British librarian and medical historian (1908–1979)

Frederick Noël Lawrence Poynter FLA (24 December 1908 – 11 March 1979) was a British librarian and medical historian who served as director of the Wellcome Institute for the History of Medicine from 1964 to 1973.

In 1958, Poynter was a key player in founding the Faculty of the History of Medicine and Pharmacy of the Society of Apothecaries and subsequently
in 1965, he was one of the founding committee members who established the British Society for the History of Medicine (BSHM). He became its president in 1972 and also became secretary-general of the Société Internationale d’Histoire de la Médecine, later becoming its president too.

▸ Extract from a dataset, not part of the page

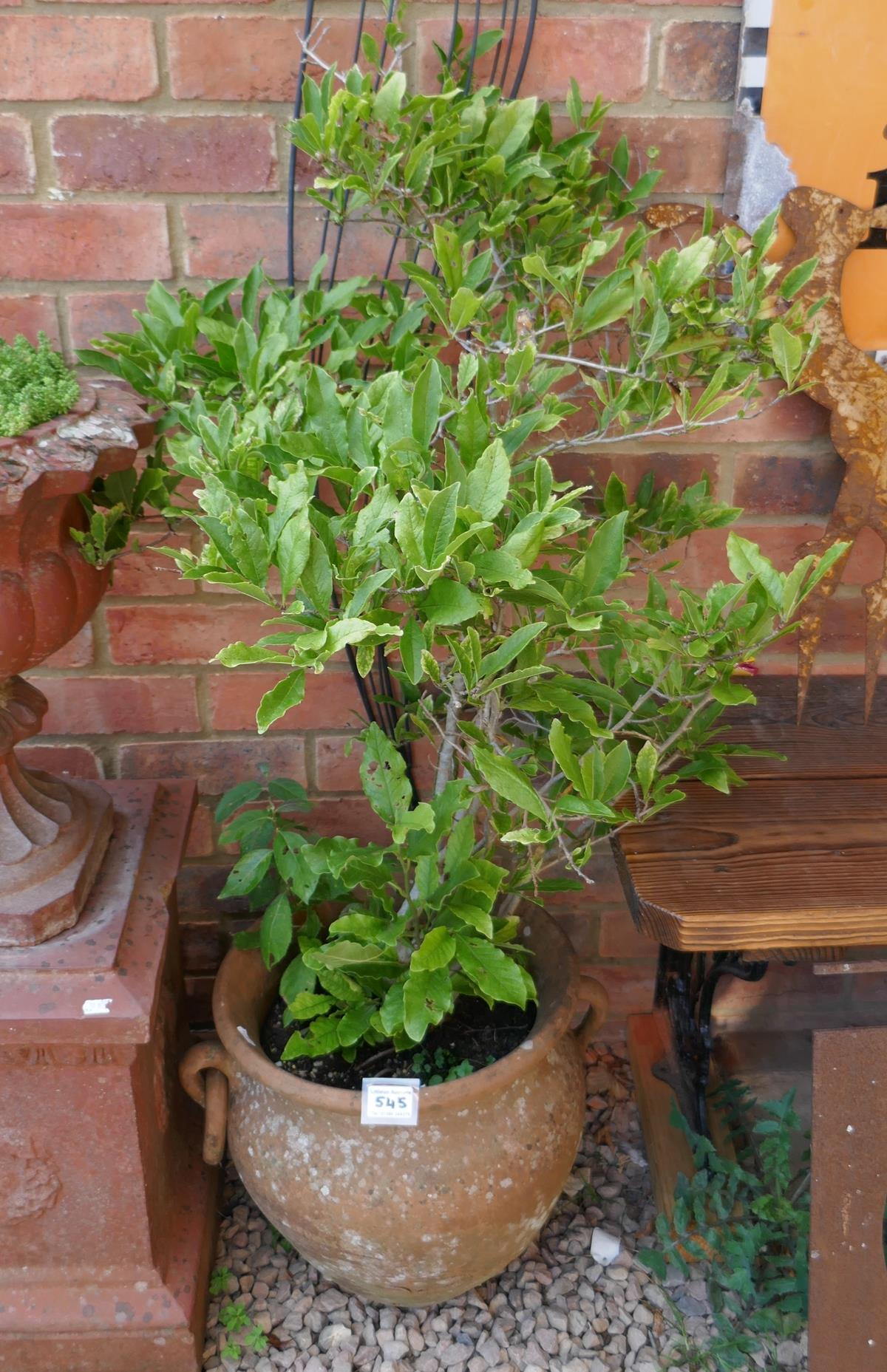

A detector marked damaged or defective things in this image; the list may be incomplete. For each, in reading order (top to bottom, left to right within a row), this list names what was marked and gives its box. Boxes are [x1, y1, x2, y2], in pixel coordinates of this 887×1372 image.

rusty metal ornament [0, 381, 150, 946]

He published a number of works related to the history of medicine and also edited Medical History, the first British journal devoted exclusively to the history of medicine. During his directorship of the Wellcome Institute for the History of Medicine, his advice was readily sought on matters pertaining to the history of medicine and on organisations. His influence was particularly felt with the Bibliographical Society and he was invited to give a number of eponymous lectures. The biennial Poynter lecture is named in his honour.

==Early life and career==
Frederick Poynter, commonly known as Noël, was born in London on 24 December 1908, to Herbert William Poynter, who worked in the London docks, and his wife, Margaret (née Gurry). The family were Roman Catholic and he was the seventh of nine children.

He was educated at West Ham secondary school, before studying history at King's College London.

In 1930, following a brief time teaching in a preparatory school, he became a junior library assistant and was involved in the last stages of Sir Henry Wellcome's collections, at a time when the library was situated in the cramped conditions of the former wireless factory near Willesden Junction, north west London. At the time, the librarian was Samuel Arthur Joseph Moorat.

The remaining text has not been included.